Class 42 appears to be mostly flat. It is extragalactical, so high uncertainty happens in some cases. It most likely is a class of objects with "burst" events, although the actual burst is not always detected in the observation windows. When the burst happens, the object's magnitude increases dramatically across all bands and gradually falls back to normal levels in a few months. If the burst is indeed detected, it will be characterised by relatively low frequency std between bands together with very high detected periods. Other features like skewness can also be used to identify this class of objects, as a burst usually results in high skew in the light curve.

**Class 90**

In [None]:
%%capture capt
feats, models = get_class_feats(90)

In [None]:
plot_phase_curves(feats, models)

Class 90 is kind of similar to class 42 in that it is very likely a group of objects with "burst" behaviours, or objects with partially unobsered bursts. Like class 42, it is characterised by sudden peaks that usually last for a few months, high skew and often long fitted periods (or 1-day periods) with low score.
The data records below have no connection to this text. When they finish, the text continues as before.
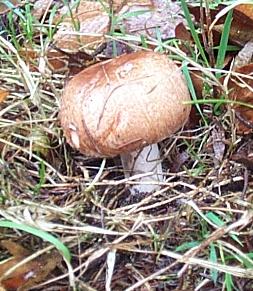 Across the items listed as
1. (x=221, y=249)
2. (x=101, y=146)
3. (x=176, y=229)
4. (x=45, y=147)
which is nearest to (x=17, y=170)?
(x=45, y=147)

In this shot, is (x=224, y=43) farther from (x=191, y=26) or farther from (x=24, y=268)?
(x=24, y=268)

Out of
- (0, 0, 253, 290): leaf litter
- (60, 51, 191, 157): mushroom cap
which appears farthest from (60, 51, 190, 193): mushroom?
A: (0, 0, 253, 290): leaf litter

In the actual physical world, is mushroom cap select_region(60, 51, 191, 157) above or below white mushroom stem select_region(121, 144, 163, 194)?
above

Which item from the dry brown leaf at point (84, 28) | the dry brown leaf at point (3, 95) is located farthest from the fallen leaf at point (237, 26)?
the dry brown leaf at point (3, 95)

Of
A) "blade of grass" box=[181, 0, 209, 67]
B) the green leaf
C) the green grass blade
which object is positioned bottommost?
the green leaf

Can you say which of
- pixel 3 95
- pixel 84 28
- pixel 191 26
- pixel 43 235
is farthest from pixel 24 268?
pixel 84 28

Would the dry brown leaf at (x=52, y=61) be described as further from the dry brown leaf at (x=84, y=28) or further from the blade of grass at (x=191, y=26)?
the blade of grass at (x=191, y=26)

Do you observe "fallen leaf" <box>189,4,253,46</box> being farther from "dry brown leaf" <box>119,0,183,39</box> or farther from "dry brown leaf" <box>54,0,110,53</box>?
"dry brown leaf" <box>54,0,110,53</box> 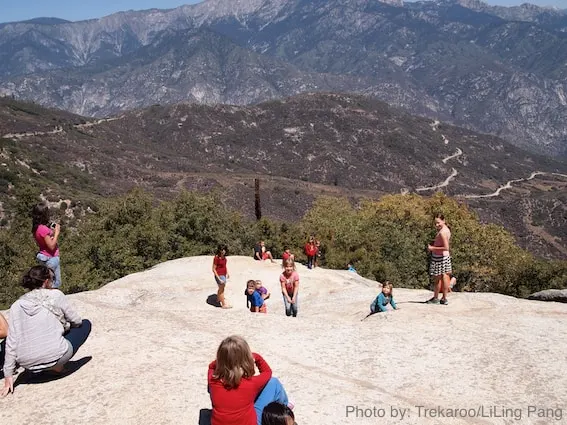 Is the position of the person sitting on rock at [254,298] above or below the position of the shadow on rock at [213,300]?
above

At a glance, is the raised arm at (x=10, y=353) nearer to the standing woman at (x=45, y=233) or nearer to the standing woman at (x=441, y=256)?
the standing woman at (x=45, y=233)

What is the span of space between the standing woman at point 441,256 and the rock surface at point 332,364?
2.79 feet

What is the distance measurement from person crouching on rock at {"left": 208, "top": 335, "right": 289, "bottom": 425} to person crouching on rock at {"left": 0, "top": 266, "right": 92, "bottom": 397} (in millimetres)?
3496

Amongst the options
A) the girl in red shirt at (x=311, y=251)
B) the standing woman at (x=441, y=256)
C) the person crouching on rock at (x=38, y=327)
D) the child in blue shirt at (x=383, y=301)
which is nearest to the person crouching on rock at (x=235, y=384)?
the person crouching on rock at (x=38, y=327)

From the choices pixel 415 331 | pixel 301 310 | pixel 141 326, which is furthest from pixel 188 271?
pixel 415 331

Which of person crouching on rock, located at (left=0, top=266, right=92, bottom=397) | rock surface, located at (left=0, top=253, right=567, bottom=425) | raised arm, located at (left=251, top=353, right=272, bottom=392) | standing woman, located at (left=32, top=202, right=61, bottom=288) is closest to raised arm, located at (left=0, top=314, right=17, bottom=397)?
person crouching on rock, located at (left=0, top=266, right=92, bottom=397)

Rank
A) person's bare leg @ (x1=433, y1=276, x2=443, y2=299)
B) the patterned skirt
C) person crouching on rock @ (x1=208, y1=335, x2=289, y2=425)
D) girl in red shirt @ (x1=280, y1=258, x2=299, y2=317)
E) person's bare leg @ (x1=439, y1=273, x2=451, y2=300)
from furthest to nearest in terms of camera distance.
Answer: girl in red shirt @ (x1=280, y1=258, x2=299, y2=317), person's bare leg @ (x1=433, y1=276, x2=443, y2=299), person's bare leg @ (x1=439, y1=273, x2=451, y2=300), the patterned skirt, person crouching on rock @ (x1=208, y1=335, x2=289, y2=425)

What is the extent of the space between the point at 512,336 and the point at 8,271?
46079mm

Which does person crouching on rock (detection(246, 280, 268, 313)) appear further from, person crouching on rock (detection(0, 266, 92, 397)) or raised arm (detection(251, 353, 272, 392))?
raised arm (detection(251, 353, 272, 392))

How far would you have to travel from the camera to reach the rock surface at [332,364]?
348 inches

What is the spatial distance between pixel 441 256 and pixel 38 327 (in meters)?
11.5

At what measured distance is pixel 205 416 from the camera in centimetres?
839

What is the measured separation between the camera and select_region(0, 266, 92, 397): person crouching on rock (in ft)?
27.4

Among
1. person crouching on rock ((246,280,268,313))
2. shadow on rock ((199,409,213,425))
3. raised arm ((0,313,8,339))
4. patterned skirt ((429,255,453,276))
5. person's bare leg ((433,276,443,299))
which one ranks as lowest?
shadow on rock ((199,409,213,425)) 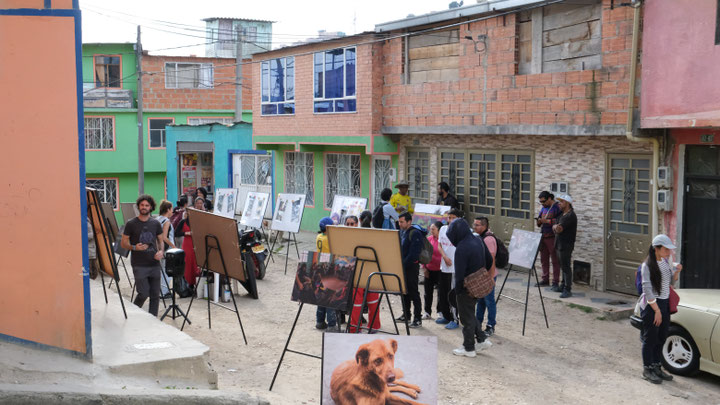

So far we are still unable to tell the difference between class 90 and class 42.

choose class 42 and 90

# Data Preprocessing

# Transform into a binary classification

In [None]:
from sklearn import metrics
from sklearn import preprocessing
from sklearn.preprocessing import MultiLabelBinarizer
import numpy as np
import pandas as pd
train_series = pd.read_csv('../input/training_set.csv')
train_metadata = pd.read_csv('../input/training_set_metadata.csv')
#test_data = pd.read_csv('../input/test_set_batch1.csv')
obj_id_1 = np.random.RandomState(500).choice(train_metadata.object_id[train_metadata.target == 42].values)
obj_df_1 = train_series[train_series.object_id == obj_id_1]
obj_df_1_train = obj_df_1[:100]
x_test_1 = obj_df_1[101:121]
obj_id_2 = np.random.RandomState(500).choice(train_metadata.object_id[train_metadata.target == 90].values)
obj_df_2 = train_series[train_series.object_id == obj_id_2]
obj_df_2_train = obj_df_2[:100]
#obj_id_1
#obj_df_1
x_test_2 = obj_df_2[101:121]
#m = np.array(obj_df_1)
#m
x_test_1[:5]

In [None]:
obj_df_2[:5]

mb_1 = MultiLabelBinarizer()
x_train_1 = mb_1.fit_transform(obj_df_1)
x_test_1 = mb_1.fit_transform(test_id_1)

mb_2 = MultiLabelBinarizer()
x_train_2 = mb_2.fit_transform(obj_df_2)
x_test_2 = mb_1.fit_transform(test_id_2)

# **Time Series Transformations**


transform each time series into the same set of derived quantities. 
These include: 
1. the number of measurements; 
1. the minimum, maximum, mean, median, standard deviation, and skew of flux;
1. the minimum, maximum, mean, median, standard deviation, and skew of flux error; 
1. the sum of the ratio between flux and flux error;
1. the skew of the ratio between flux and flux error;
1. the sum of the flux times squared flux ratio;
1. the skew of the flux times squared flux ratio;
1. the mean time between measurements; 
1. the maximum time between measurements;
1. spectroscopic redshifts for the host galaxy; 
1. photometric redshifts for the host galaxy;
1. the position of each object in the sky; 
1. the first two Fourier coefficients for each band, 
1. as well as kurtosis and skewness. 

In [None]:
def agg_func(x):
    d = {}
    flux, dflux = x["flux"], x["flux_err"]
    flux_mean = np.sum(flux*np.square(flux/dflux))/np.sum(np.square(flux/dflux))
    d["flux_mean"] = flux_mean
    d["flux_std"] = np.std(flux/flux_mean, ddof = 1)
    d["flux_amp"] = (np.max(flux) - np.min(flux))/flux_mean
    d["flux_beyond"] = np.sum(np.abs(flux - flux_mean) > np.std(flux, ddof = 1))/flux.shape[0]
    d["flux_mad"] = np.median(np.abs((flux - np.median(flux))/flux_mean))
    d["flux_skew"] = skew(flux)
    colnames = ["flux_mean", "flux_std", "flux_amp", "flux_mad", "flux_beyond", "flux_skew"]
    return pd.Series(d, index = colnames)

In [None]:
def _finalize(self):
    '''Store individual passband fluxes as object attributes'''
    # in this example, we'll use the weighted mean to normalize the features
    weighted_mean = lambda flux, dflux: np.sum(flux*(flux/dflux)**2)/np.sum((flux/dflux)**2)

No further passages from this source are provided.